Daylight meant that we could see a lot further. Using the monocular we spied a group of yurts and buildings in the distance - this had to be the town. We still had a way to go to get to the big town of Sainshand where there would be a hotel and shower so it was important that we got water here at least. The closer we got the less likely this seemed to be our little town. The collection of a few fallen down wooden buildings and yurts had an eerie feel to it. We called out Sain baina uu - Hello to the people in the yurt. They did not seem that surprised to see us. After some creative sign language and drawing in the sand we managed to work out that this was not the town. The town was 18 kms away to the east.

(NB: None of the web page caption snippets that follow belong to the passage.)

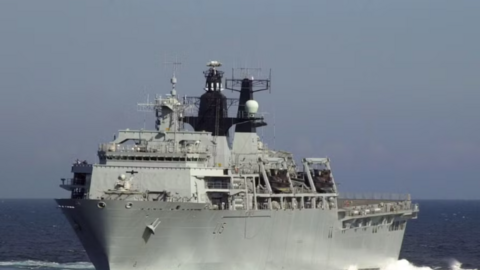 Anh xác nhận bán tàu tấn công đổ bộ HMS Bulwark cho đối tác quốc phòng đặc biệt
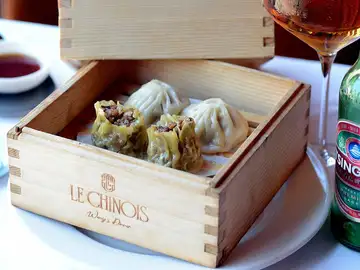 Una de las presentaciones de Le Chinois Una de las presentaciones de Le Chinois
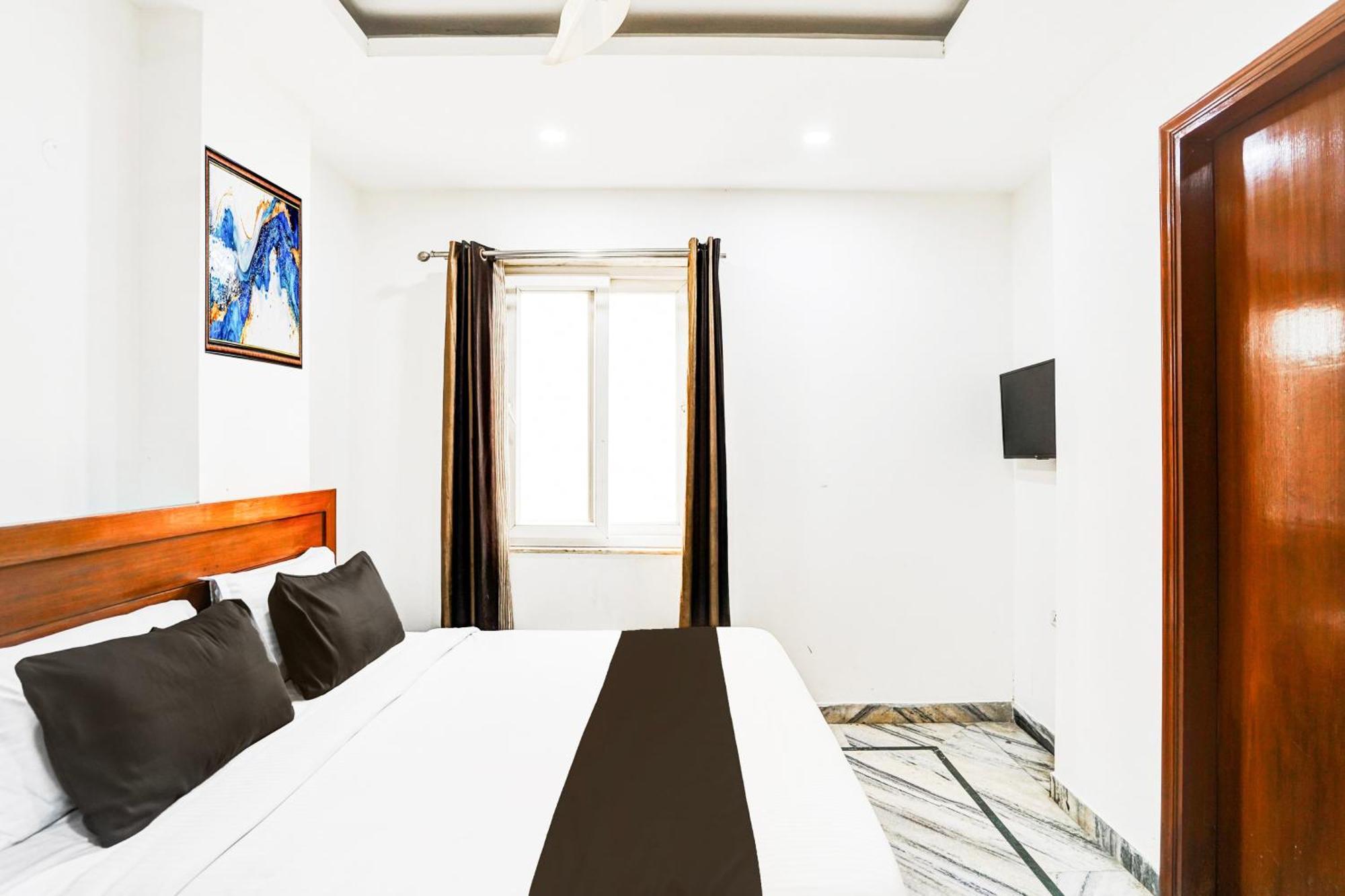 Hotel Super Collection O Sector 110 Noida Extérieur photo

It was not worth going back, we still had plenty of food left, enough to get to Sainshand. We managed to fill up our water bladders from a large water tank near the yurts and we were on our way again. We soon realised our mistake, from Zamyn Uud to Sainshand was pretty much a straight line, this small town was slightly to the east. For most cars or trucks, it would not be worth taking this extra detour.
We pushed on that day keen to cover ground, so long as we did not get trapped in the tent again we would make it. During our snack stops we collected camel poo and by dinner time we had plenty to make a good fire to cook with. After dinner we carried on cycling until late evening. Exhausted, we put up the tent and collapsed into our sleeping bags. It had been our longest desert day so far and we were completely shattered.

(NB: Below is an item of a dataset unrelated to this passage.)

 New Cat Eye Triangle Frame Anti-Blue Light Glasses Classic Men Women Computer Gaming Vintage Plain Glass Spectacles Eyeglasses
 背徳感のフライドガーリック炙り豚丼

As I prepared the breakfast and the coffee the next morning a guy on a horse came up to our camp site. We got one of the spare cups out that we carry just for this reason and made another coffee. It turned out that he was one of the two men that had come over to the tent the night before as we were setting up. I was keen to chat but it was frustrating as our languages were different and even sign language did not seem to work. Despite this he seemed happy just to be sitting there drinking coffee.

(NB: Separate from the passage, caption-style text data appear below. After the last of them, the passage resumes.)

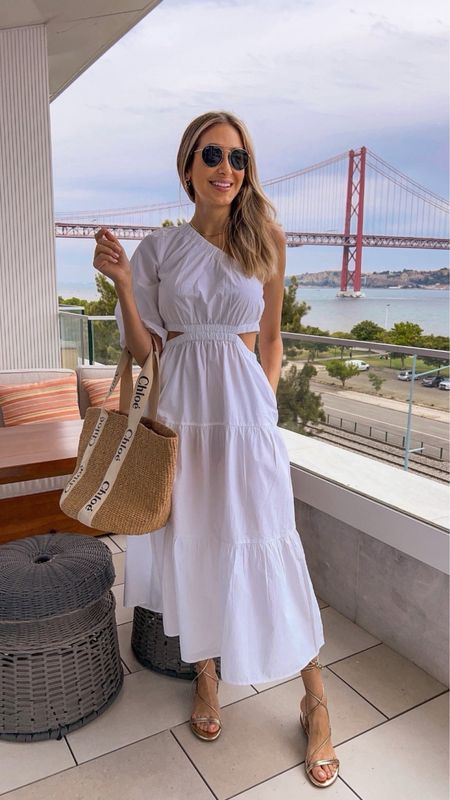 Beautiful white Amazon dress It has pockets. Runs true to size 
Wearing a size small


#LTKSeasonal #LTKOver40 #LTKStyleTip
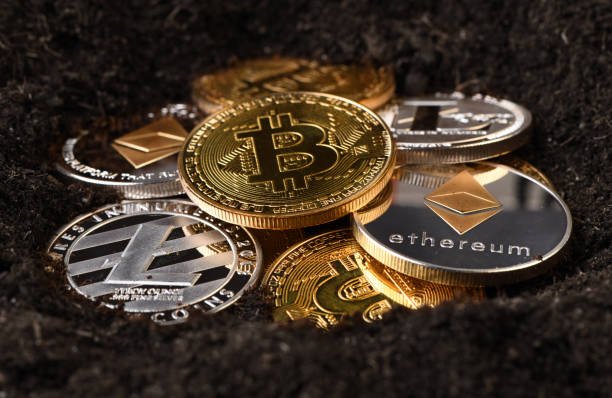 المقالات 38 بيتكوين تحافظ على تداولها فوق 85 ألف دولار وسط ضغوط العوائد والتضخم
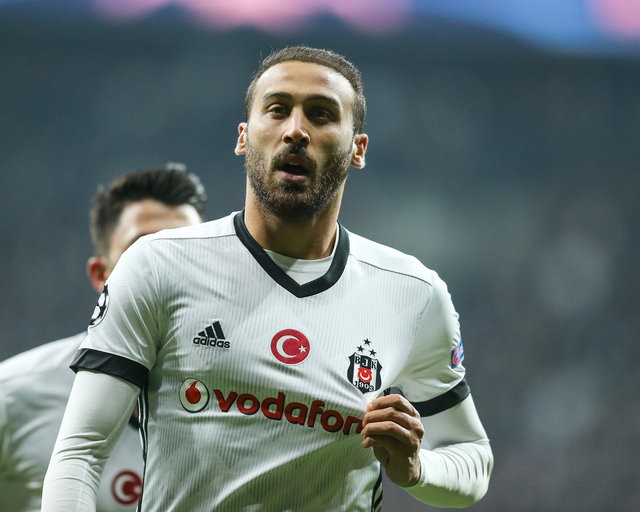 Cenk Tosun transfer oluyor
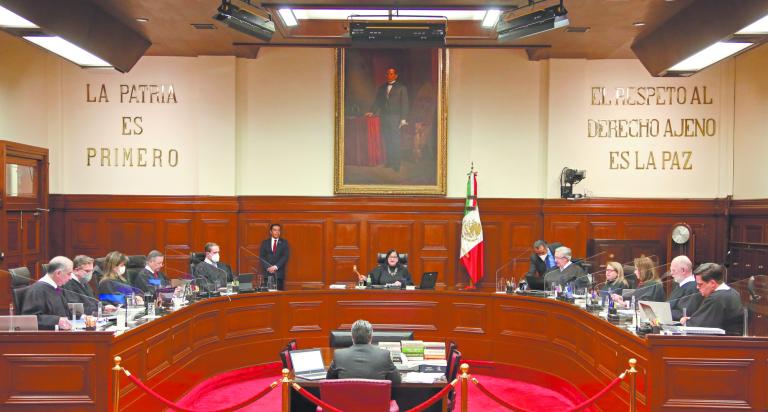 Este martes, la Suprema Corte declaró la invalidez de un párrafo del artículo 10 y cinco del 43 Código Militar de Procedimientos Penales. Foto: Especial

Another day of head wind awaited us but an unexpected stretch of asphalt road that lasted for just over 20 kms made up for it. At 15 km/h it felt like we were flying. In places the sand had been flattened just enough by some cars that we could cycle in unison over them, following the tyre tracks. As the day progressed the mounds of sand got bigger, eventually we conceded and got back to the gravel and sand.
Towards the end of the day we approached the base of a large ridge. Liz was convinced that just over this hill would be the large town of Sainshand. I was not so sure, I had expected to be able to see a large town stuck in the middle of the desert from some distance. Either way it was not going to be far. We agreed that if the town was there it was also not worth turning up at night.
We set up camp to an amazing sunset, I turned on the phone and got really excited when the signal bars started to appear. Using google maps we checked our position, we were right where Liz thought we should be and it was only 10 km to the town.
Mid-morning the next day we were eating ice cream and drinking cold coke outside a small shop surrounded by interested people. We had made it and were awash with a mixture of joy and relief. Liz somehow managed to find the best Hotel in town - I could hardly say no.
We rested here for a few days then continued our journey to Ulaanbaatar. It took us another 13 days of cycling to reach the capital, by the time we arrived there we had cycle 650 km over 21 days with an almost constant head wind.
Liz is glad and proud to have made this crossing but would never do it again. It's going to take a lot of beach holidays apparently to make sand appealing again.
I found a sort of comfort in the Gobi despite the hardships of the wind. The open space, lack of people and remoteness has a strange draw. I will return.